Set the records down again in full, exactly as they are, apart from the images.

__Given records__:
***
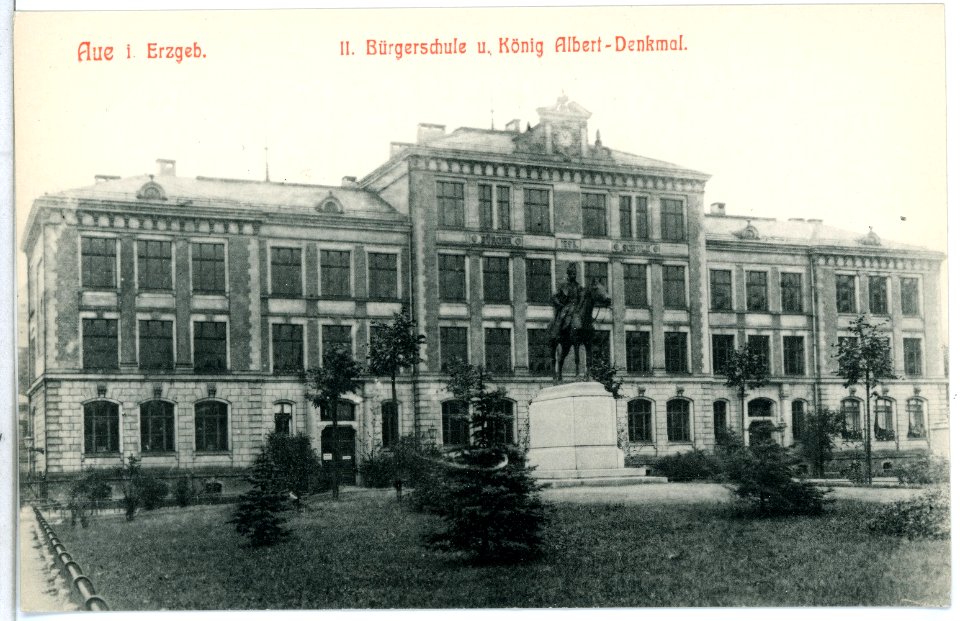 11669-Aue-1910-II. Bürgerschule und König Albert Denkmal-Brück & Sohn Kunstverlag
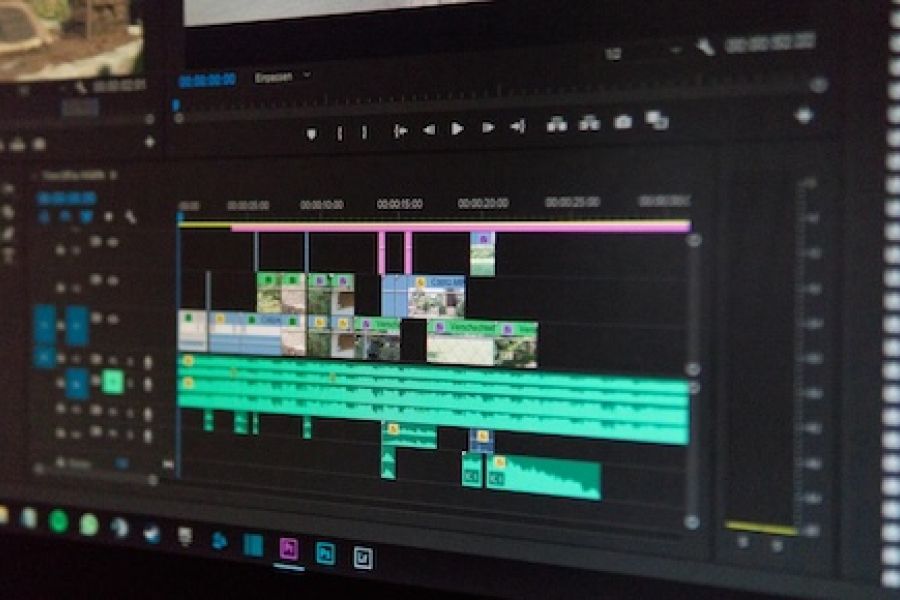 Screen that shows a video editing software.
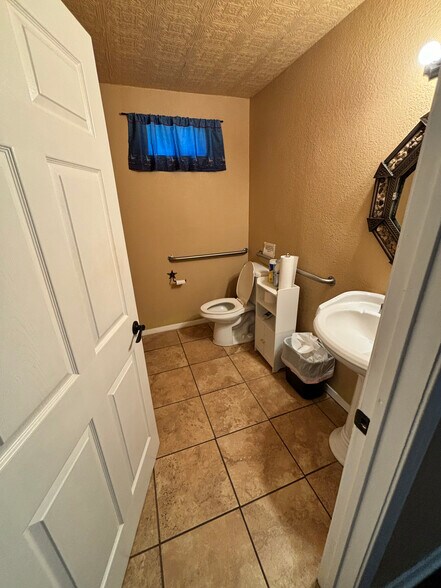 More Photos Of 1428 N Walnut Ave, New Braunfels Office For Sale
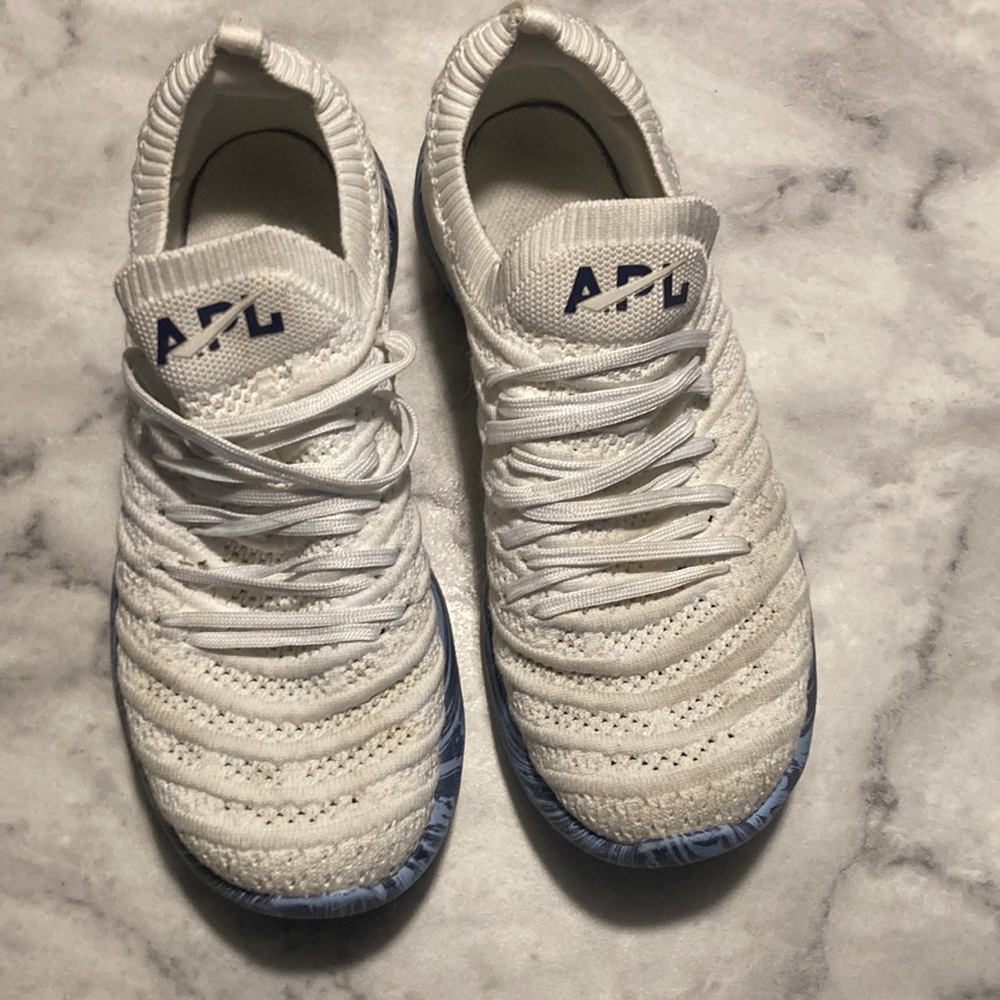 APL - Picture 5 of 15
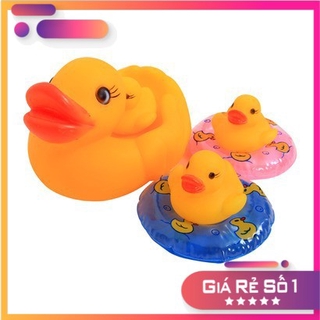 [ĐỒ CHƠI] [HÀNG ĐẸP GIÁ RẺ] Set 4 con vịt đồ chơi kèm phao mini thả bồn tắm cực yêu cho bé - Smartbuy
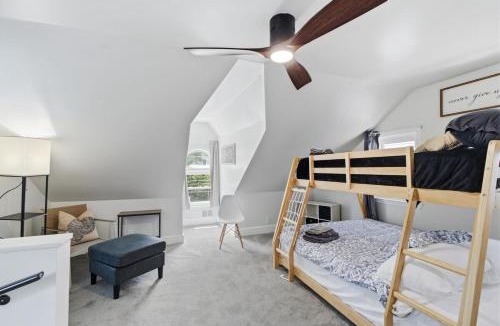 Downingtown House | Riverfront Retreat - Convenience - Kayaks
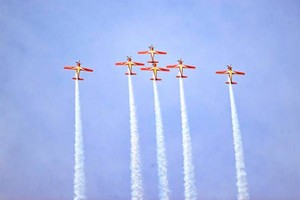 印尼木星飞行表演队进行特技飞行表演。（图：互联网）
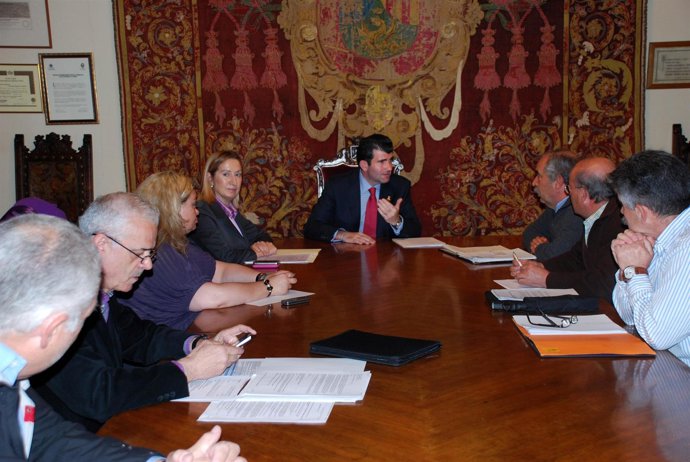 El alcalde  y la diputada Ana Pastor buscan soluciones para los extrabajadores d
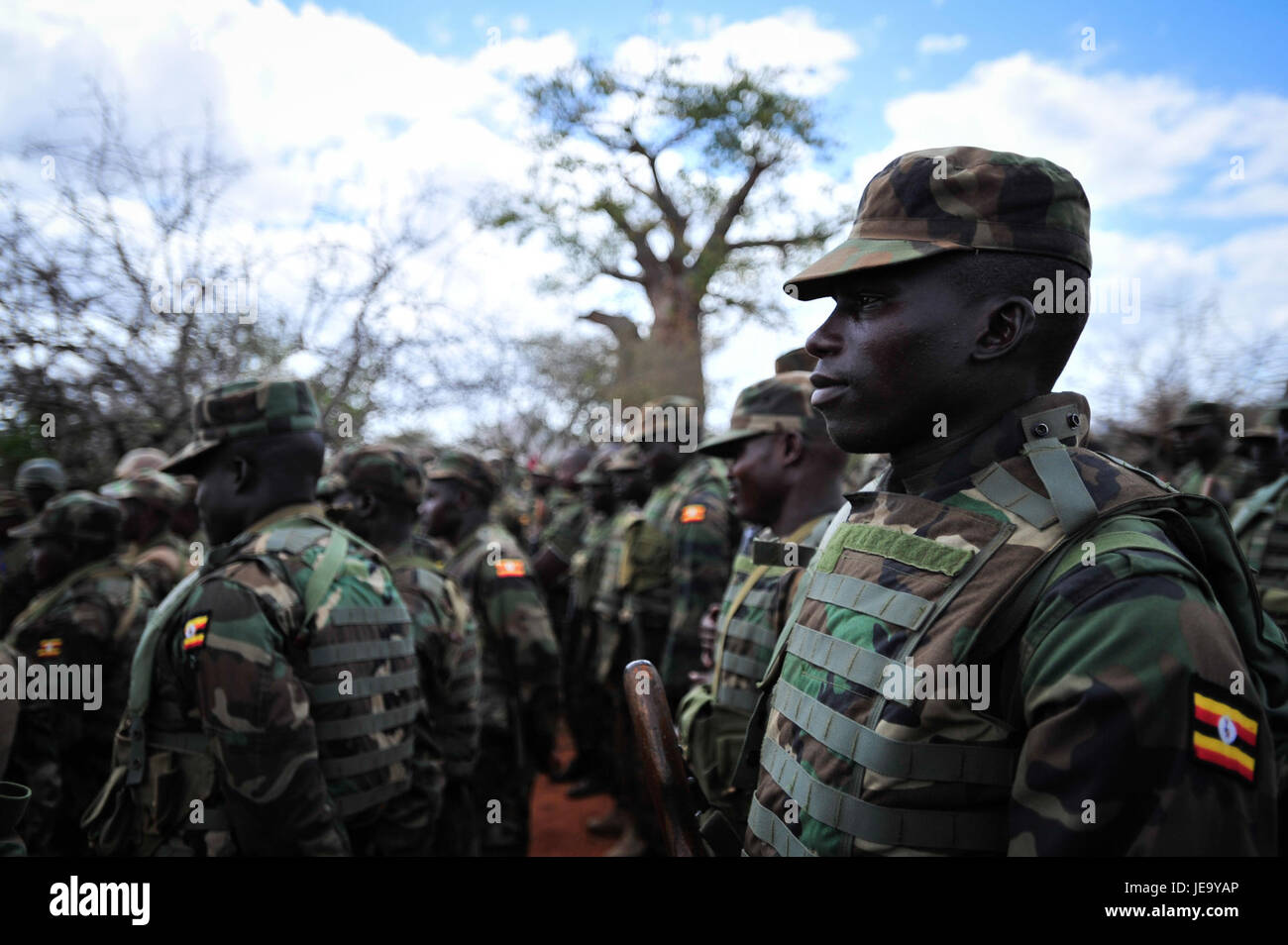 Questa immagine raffigura il personale dell'AMISOM (missione dell'Unione africana in Somalia) di stanza in prima linea durante le operazioni in Somalia, che contribuisce agli sforzi di mantenimento della pace e di sicurezza nella regione. Foto Stock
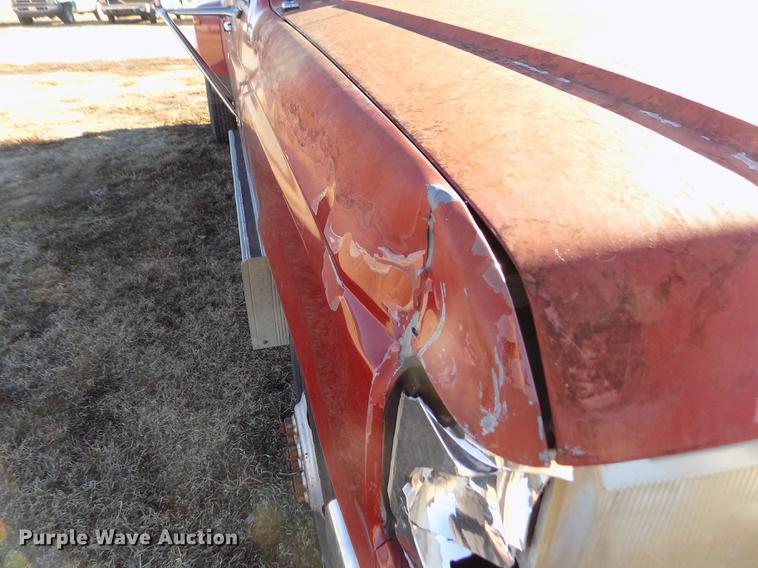 image for item DY9159 1989 Ford F350 Custom Crew Cab pickup truck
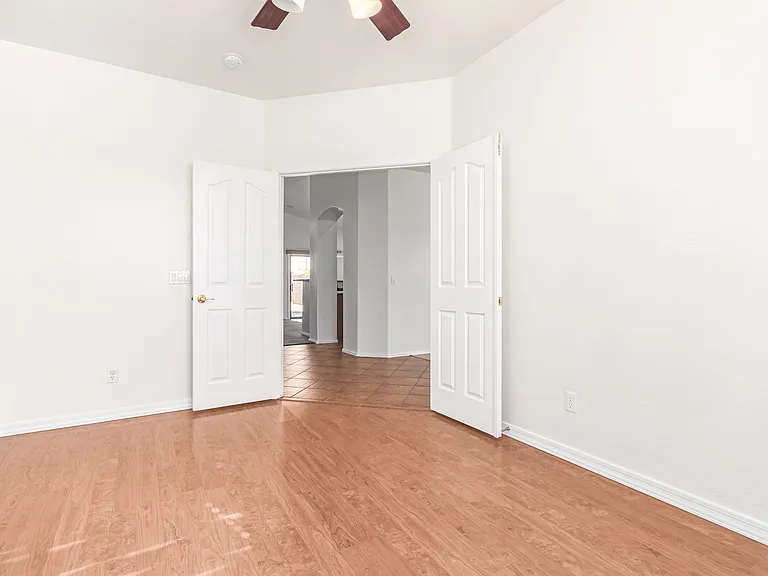 4384 E Cherry Hills Dr — Photo 7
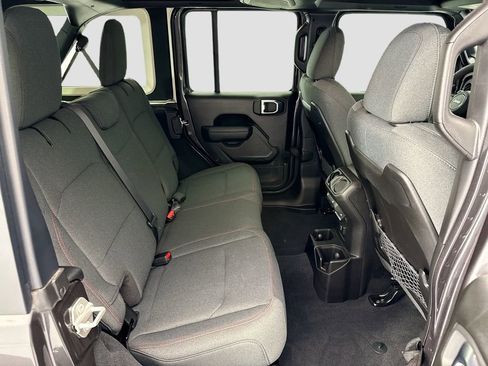 Used 2024 Jeep Wrangler Unlimited Rubicon AWD/4WD image 20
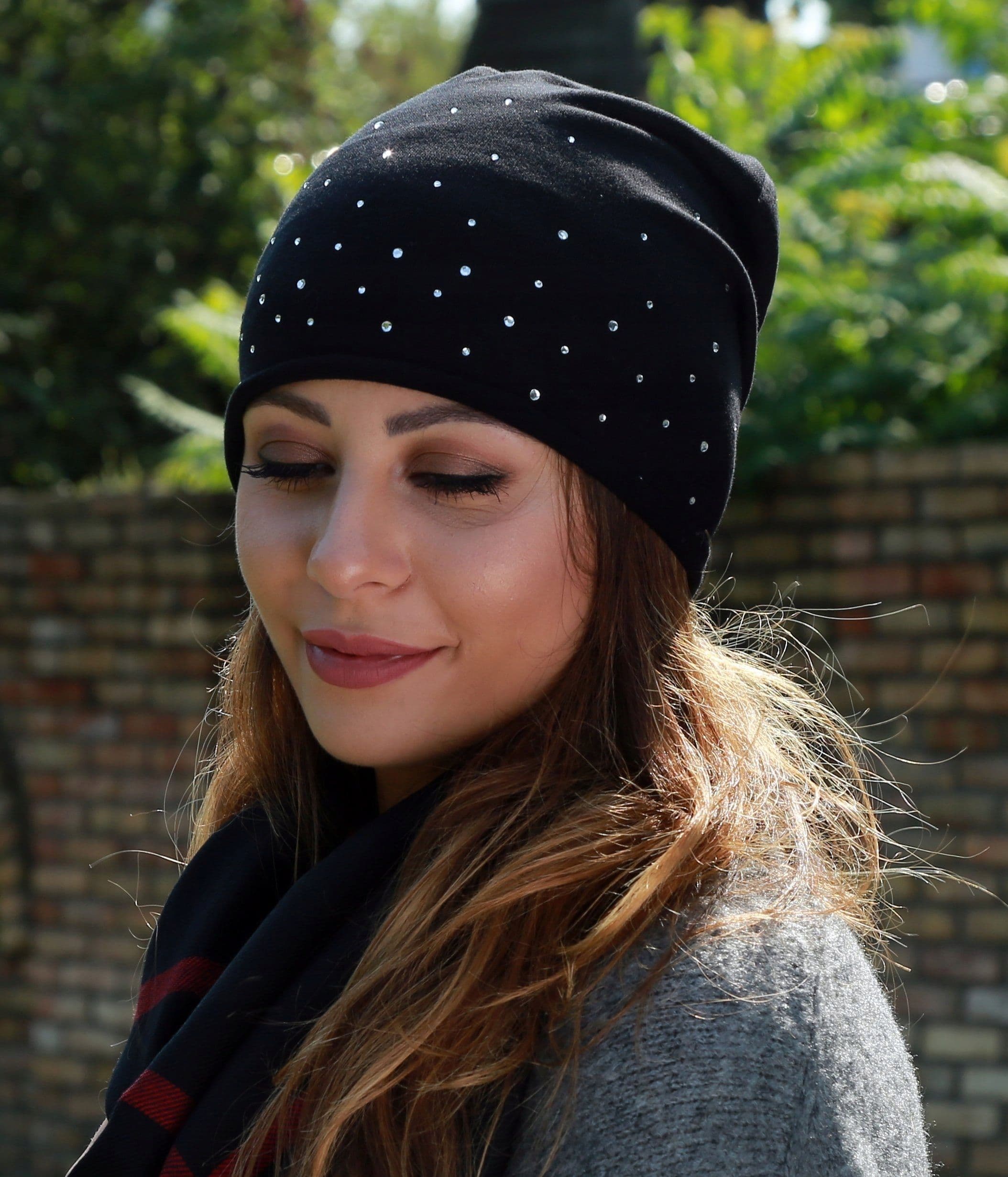 Klasyczna CZAPKA damska z bawełny przejściowa BEANIE Cyrkonie Czarna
***
__Written response__:
 11669-Aue-1910-II. Bürgerschule und König Albert Denkmal-Brück & Sohn Kunstverlag
 Screen that shows a video editing software.
 More Photos Of 1428 N Walnut Ave, New Braunfels Office For Sale
 APL - Picture 5 of 15
 [ĐỒ CHƠI] [HÀNG ĐẸP GIÁ RẺ] Set 4 con vịt đồ chơi kèm phao mini thả bồn tắm cực yêu cho bé - Smartbuy
 Downingtown House | Riverfront Retreat - Convenience - Kayaks
 印尼木星飞行表演队进行特技飞行表演。（图：互联网）
 El alcalde  y la diputada Ana Pastor buscan soluciones para los extrabajadores d
 Questa immagine raffigura il personale dell'AMISOM (missione dell'Unione africana in Somalia) di stanza in prima linea durante le operazioni in Somalia, che contribuisce agli sforzi di mantenimento della pace e di sicurezza nella regione. Foto Stock
 image for item DY9159 1989 Ford F350 Custom Crew Cab pickup truck
 4384 E Cherry Hills Dr — Photo 7
 Used 2024 Jeep Wrangler Unlimited Rubicon AWD/4WD image 20
 Klasyczna CZAPKA damska z bawełny przejściowa BEANIE Cyrkonie Czarna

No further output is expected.